Le jeudi 20 février 2014 | Site emploi généraliste
Faute de candidats, les PME renoncent à recruter - D.R.
En 2013, plus d’une PME sur trois a abandonné un projet de recrutement, d’après une enquête menée par Meteojob et Companeo. Alors qu’en France, le taux de chômage continue de grimper, les petites entreprises ne parviennent pas à dénicher les profils qui les intéressent et naviguent à vue en sous-effectif

C’est le monde à l’envers ! Tandis que le nombre de demandeurs d’emploi progresse, les PME peinent à attirer des candidats dans leurs filets. Une enquête réalisée par le jobboard Meteojob et la plateforme de mise en relation Companeo en décembre dernier auprès d’un panel de 772 chefs d’entreprises, commerçants, artisans et professions libérales de TPE ou PME, permet de prendre la mesure de cette tendance, qui est loin d’être nouvelle. L’an dernier, 37,4 % des entreprises interrogées ont abandonné un projet de recrutement en cours. L’incertitude économique et le manque de visibilité ne sont pas les seules raisons qui expliquent ce pourcentage. « Dans un cas sur six, le report du recrutement d’un nouveau collaborateur est dû à la difficulté à trouver le profil recherché », commente Philippe Dokès, directeur associé de Companeo.

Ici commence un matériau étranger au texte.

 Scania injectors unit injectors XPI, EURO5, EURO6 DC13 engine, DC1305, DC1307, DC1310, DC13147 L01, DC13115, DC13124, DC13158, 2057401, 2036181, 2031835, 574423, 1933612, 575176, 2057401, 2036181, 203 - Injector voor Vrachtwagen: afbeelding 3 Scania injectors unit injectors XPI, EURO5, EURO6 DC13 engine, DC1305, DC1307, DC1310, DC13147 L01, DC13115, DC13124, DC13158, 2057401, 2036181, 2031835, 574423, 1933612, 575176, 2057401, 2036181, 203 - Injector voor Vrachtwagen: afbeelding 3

Des contrats de travail plus souples ?

La typologie de candidats visée par ces structures de moins de 250 salariés, qui représentent 99,8 % des entreprises françaises, n’a pourtant rien d’inédit : leurs besoins se concentrent essentiellement sur des fonctions non pénuriques dans la production, le commerce et l’administration. L’une des conséquences de ce paradoxe, c’est que les PME se mettent en difficulté. « En 2013, un tiers des entreprises a déclaré être régulièrement en sous-effectif. Presque 40 % d’entre elles citent le coût du travail comme principal frein à l’embauche », décrypte Philippe Deljurie, co-fondateur de Meteojob. Denis Payre, président du mouvement Nous Citoyens, invoque une raison plus politique pour expliquer cette situation. « En France, signer un CDI est un engagement fort pour l’entreprise. Il est lui difficile de déboucler un contrat lorsqu’elle a une baisse d’activité sans risquer d’être emmenée aux Prud’hommes. Une grille permettant d’évaluer des indemnités de départ des salariés en fonction de leur ancienneté permettrait aux PME de signer plus de contrats », estime-t-il.

Les jobboards boudés par les PME

Même si elles remportent moins les faveurs des candidats que les groupes, les PME, qui embauchent près de la moitié de l’effectif salarié français, offrent pourtant de nombreuses opportunités d’emploi. En 2013, 34,7 % des entreprises sondées ont déclaré avoir recruté un ou plusieurs collaborateurs en CDI. L’année 2014 devrait être dans la même lignée puisqu’elles sont 32,3 % à vouloir renforcer leurs équipes par le biais du recrutement. Au total, « ce sont près de 2,5 millions de projets de recrutement qui devraient être concrétisés d’ici la fin de l’année », souligne Philippe Dokès. D’après l’étude, la cooptation, les candidatures spontanées et Pôle Emploi restent les principaux moyens utilisés par les PME pour recruter, loin devant les jobboards et les réseaux sociaux, à la peine.